Tensor Operations
A tensor is a multi-dimensional array generalizing scalars, vectors, and matrices:
| Rank | Name | Shape | Example |
|---|---|---|---|
| 0 | Scalar | $()$ | loss value |
| 1 | Vector | $(n)$ | embedding |
| 2 | Matrix | $(m, n)$ | weight matrix |
| 3 | 3-D tensor | $(b, m, n)$ | batch of matrices |
| 4 | 4-D tensor | $(b, c, h, w)$ | batch of images |
In ML frameworks (PyTorch, NumPy), tensors are the fundamental data structure.
Indexing and Slicing
T[i] # select along first dimension
T[i, j] # select element
T[:, 1:3] # slice rows, select cols 1 and 2
T[..., -1] # last element along last dim (ellipsis)
Reshaping
Reshape: change shape without changing data. Total elements must match.

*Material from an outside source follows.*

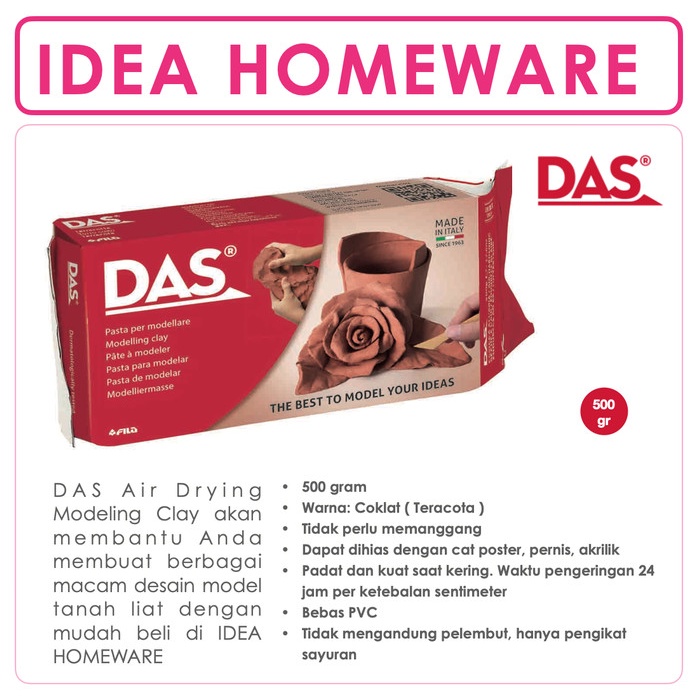 Promo Das Clay 500 Gr Coklat Tanah Liat Modelling Air Dry Clay Teracota Best Seller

T.reshape(a, b, c) # explicit shape
T.view(a, -1) # -1 infers the size
T.flatten() # 1-D
Squeeze / Unsqueeze: remove or add dimensions of size 1.
T.squeeze(dim) # remove dim if size=1
T.unsqueeze(dim) # insert dim of size 1
Transposing and Permuting
Transpose swaps two dimensions:
T.T # transpose last two dims
T.transpose(0, 1)
Permute reorders all dimensions:
T.permute(2, 0, 1) # (a,b,c) → (c,a,b)
Common use: converting image format $(B, H, W, C) \to (B, C, H, W)$.
Broadcasting
Allows operations on tensors with different shapes, where the smaller tensor is “broadcast” across the larger.
Rules:
- Align shapes from the right
- Dimensions are compatible if equal or one of them is 1
- Size-1 dimensions are stretched to match
(3, 1, 5) + (2, 5)
→ (3, 1, 5) + (1, 2, 5) # align from right
→ (3, 2, 5) # broadcast
Broadcasting is zero-copy (no actual data duplication).
Elementwise Operations
Applied independently to each element (same shape required, or broadcastable):
A + B, A * B, A / B # arithmetic
torch.exp(T), torch.log(T), torch.sqrt(T)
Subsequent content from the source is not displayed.